EIF 2017 – Real Magic at the Studio, or, I'm thinking of a word, and it begins with B

Years ago the International Festival staged a dire production of Three Sisters by the American Repertory Theatre. Finally, after years of trying, the EIF has found a show which is equally dire.

We are presented with three performers (Jerry Killick, Richard Lowdon and Claire Marshall) in an unconvincing version of a game show. The premise of the show is that one person thinks of a word (displayed on a piece of cardboard), the second person (usually blindfold) makes three unsuccessful attempts to guess the word, the third person acts as the host. Oh and some, sometimes all, are dressed in bright yellow chicken costumes and periodically do a silly dance.

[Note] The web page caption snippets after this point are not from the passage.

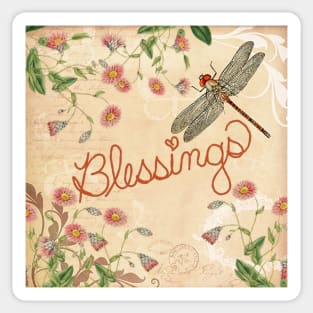 Inspirational Quote Blessings Dragonfly Floral Vintage Wild Flowers Gifts Sticker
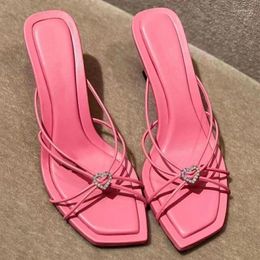 Slippers Heart Shaped Crystal Embellished Sugar Pink Sandals French Square Toe Open Slim Heels With Thin Straps High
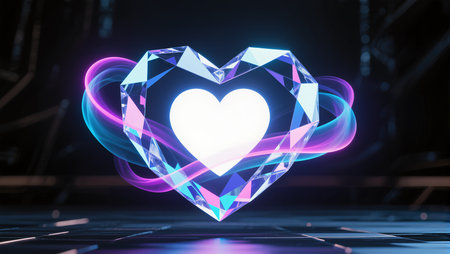 A radiant crystal heart emits colorful energy in a futuristic environment.の素材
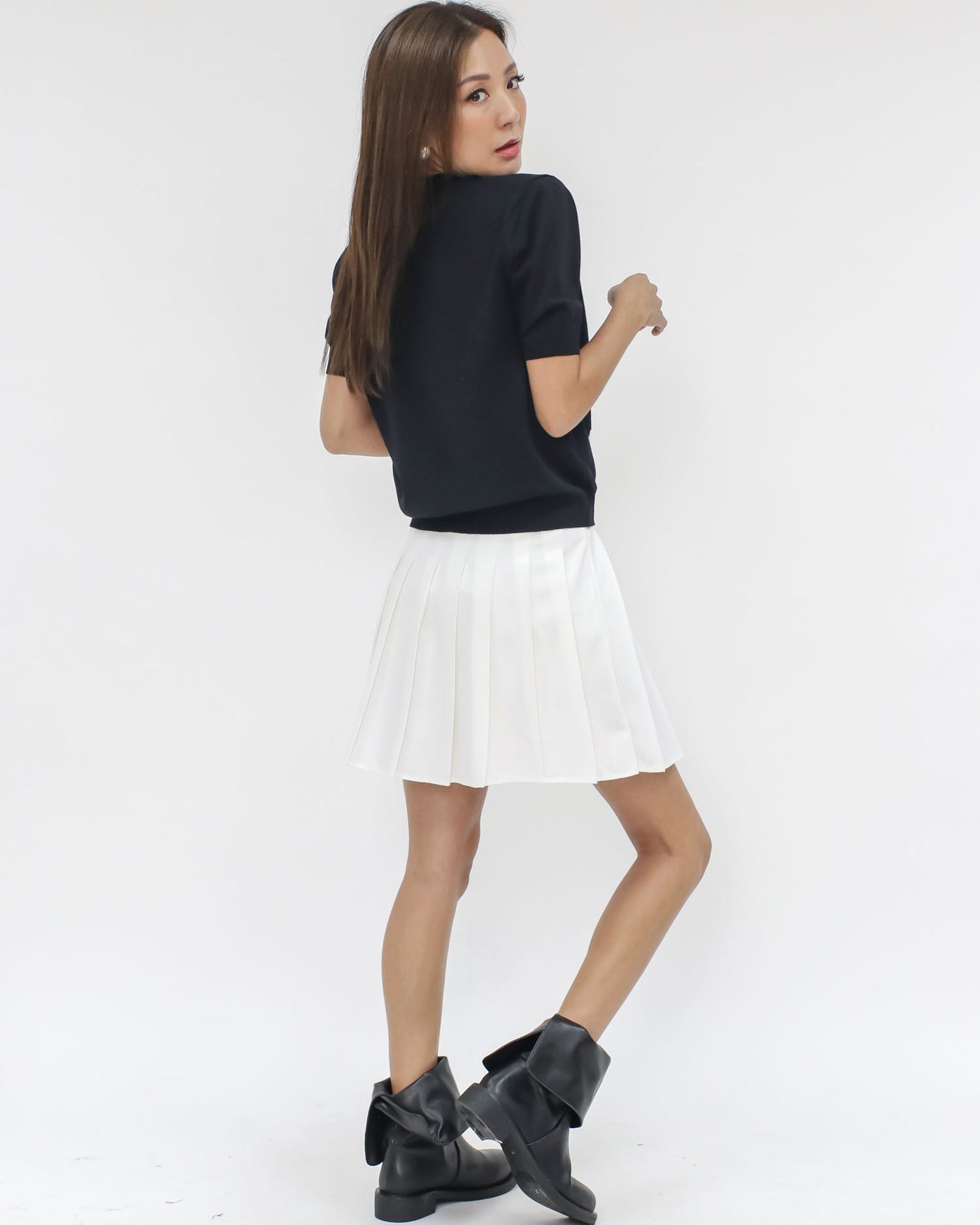 ivory pleats crepe skorts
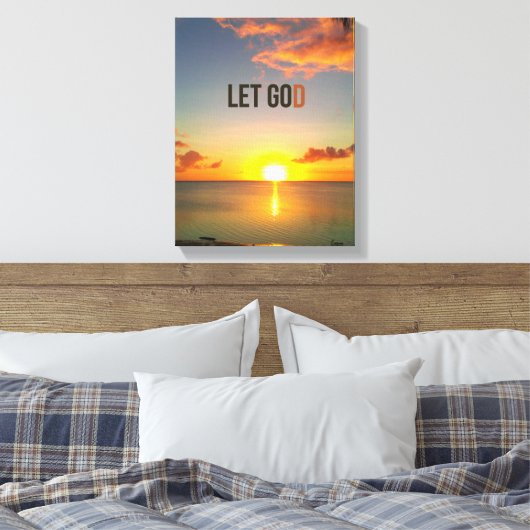Laat God Sunset Canvas gaan. (Insitu (Slaapkamer))
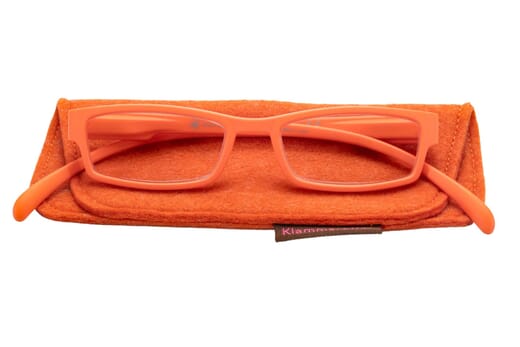 Lesebrille Klammeraffe 01 orange mit etui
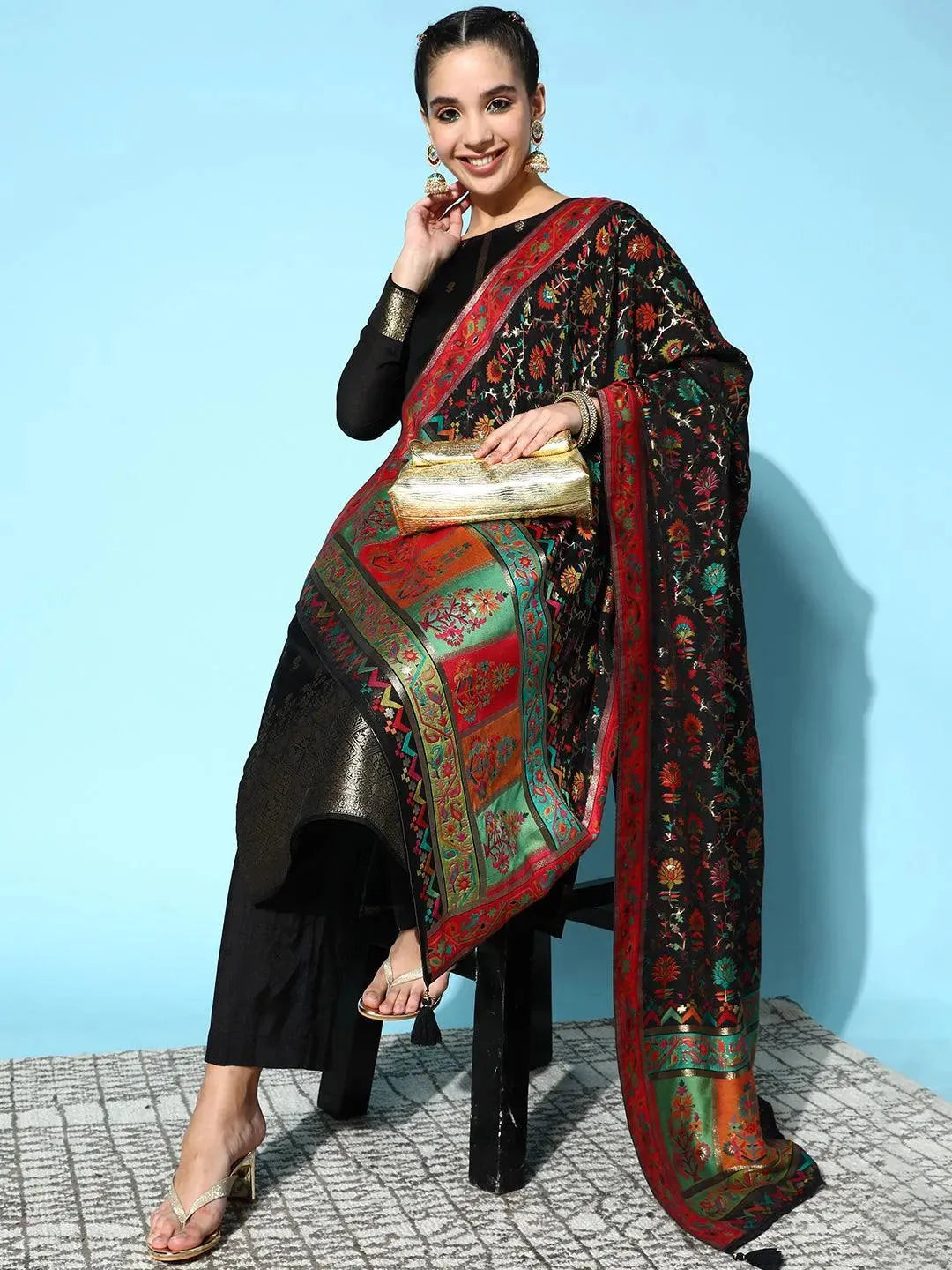 Black Self Design Silk Blend Straight Suit Set - Libas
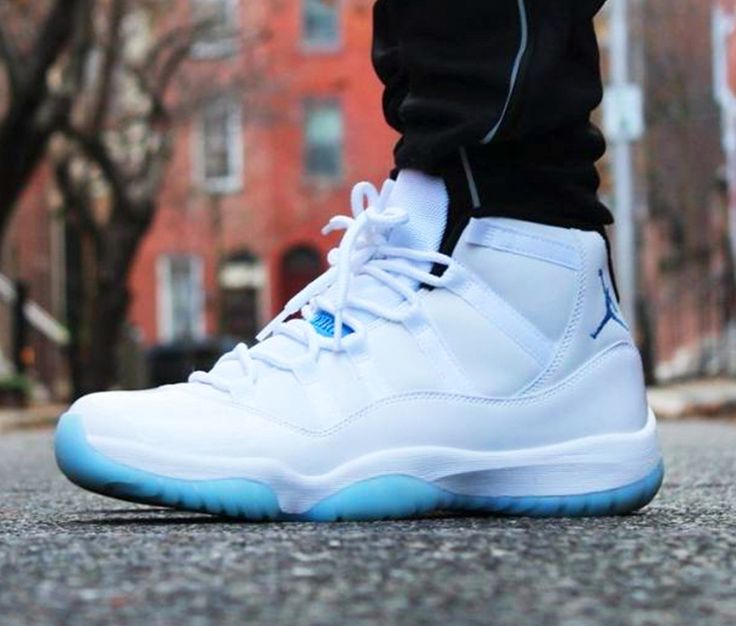 Air Jordan 11 Retro "Legend Blue" 378037 117 Light Blue Leather  White/Legend Blue Sneakers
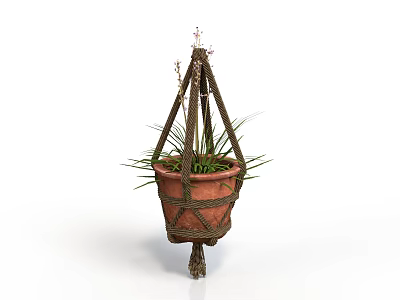 Woven Rope Hanging Planter With Terracotta Pot And Green Plant For Home Living 3d model
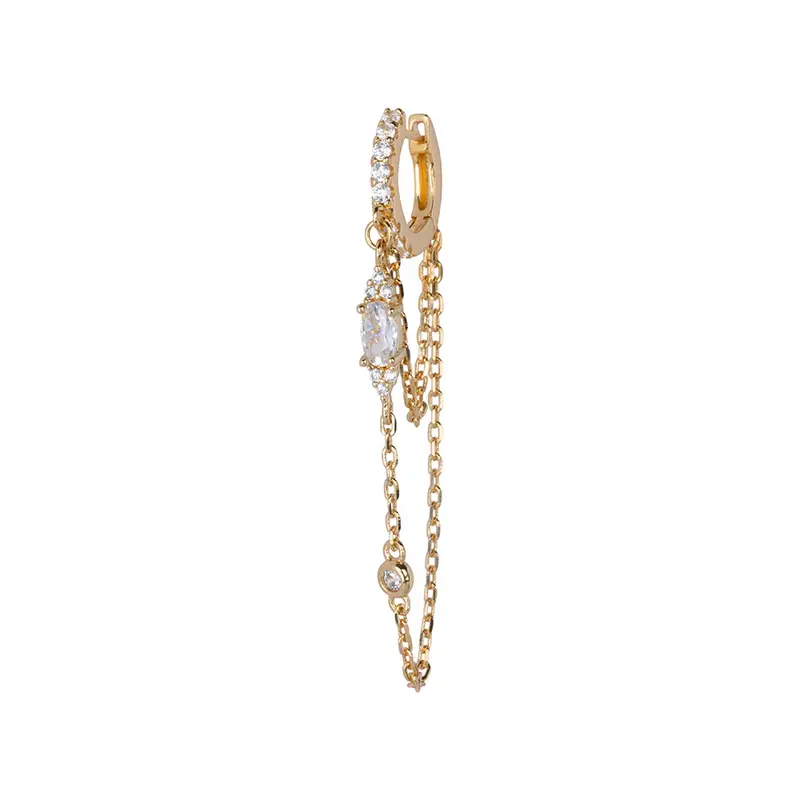 Bobby Rose Strass white oval oorbel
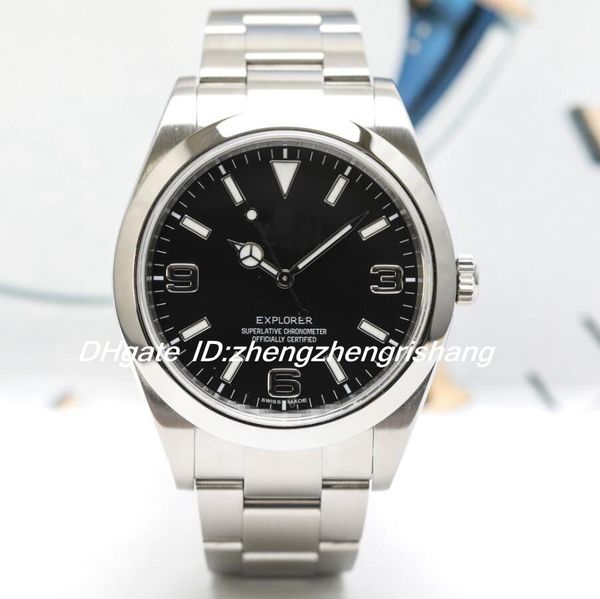 

mens 39mm black dial stainless steel 214270 asia 2813 automatic movement oyster bracelet watch men mechanical wristwatches men's watche, Slivery;brown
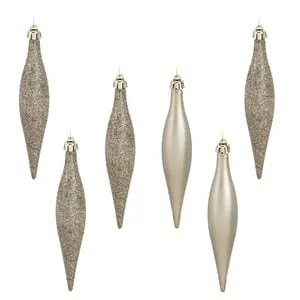 Set Ornamente Craciun Turturi Bej Mat Stralucitori Glitter 16cm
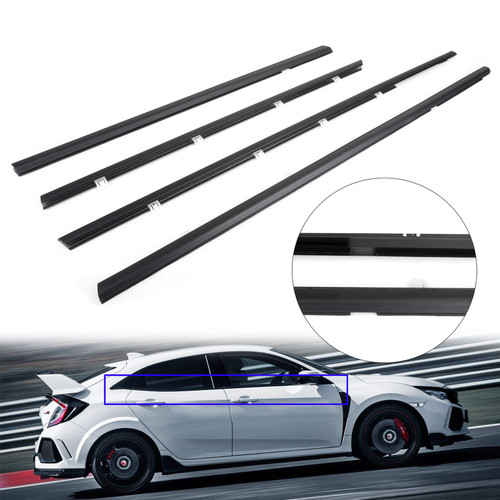 4pcs Weatherstrip Window Moulding Trim Seal Belt For Honda Civic 12-15 Black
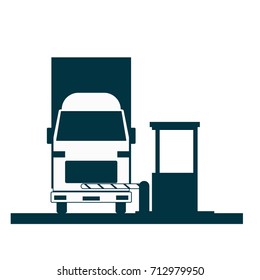 toll booth with car. Vector illustration isolated on white background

Some in the audience (bafflingly as far as I was concerned) found this latter aspect funny. After the first failure, the trio swap roles twice until each member has played each of the parts. This cycle, a bald and unconvincing narrative to start with (to borrow from Gilbert), is repeated for an interminable 90 minutes.



Some evidently think this is profound. The company behind it, Forced Entertainment, describe themselves as purveyors of “ground-breaking provocative performances”. As far as I was concerned they succeeded only in provoking extreme boredom and, as for the other epithet I've got news for them – Beckett got there first. And he was consistently moving and funny unlike this. The whole set up here is thin such that I never really believed in it, or that these were real people trapped in it, and as such I didn't give a damn as to whether they got out of it or not, though I did give a damn about how long I was to be subjected to it. There's also a wearily familiar contempt for the audience visible – as with Martin Creed I had an increasing suspicion that the trio were laughing behind their hands at these suckers having paid money to watch this.

As the minutes dragged by I looked at my watch, I counted the lights on the rig, I closed my eyes. I even started trying Paddington-style hard stares on the actors. Eventually, far too late, the thing simply stops – this is, we are told, all they have time for.

This should never have been programmed. Original? An example of the best in international theatre? Don't be ridiculous. To be avoided.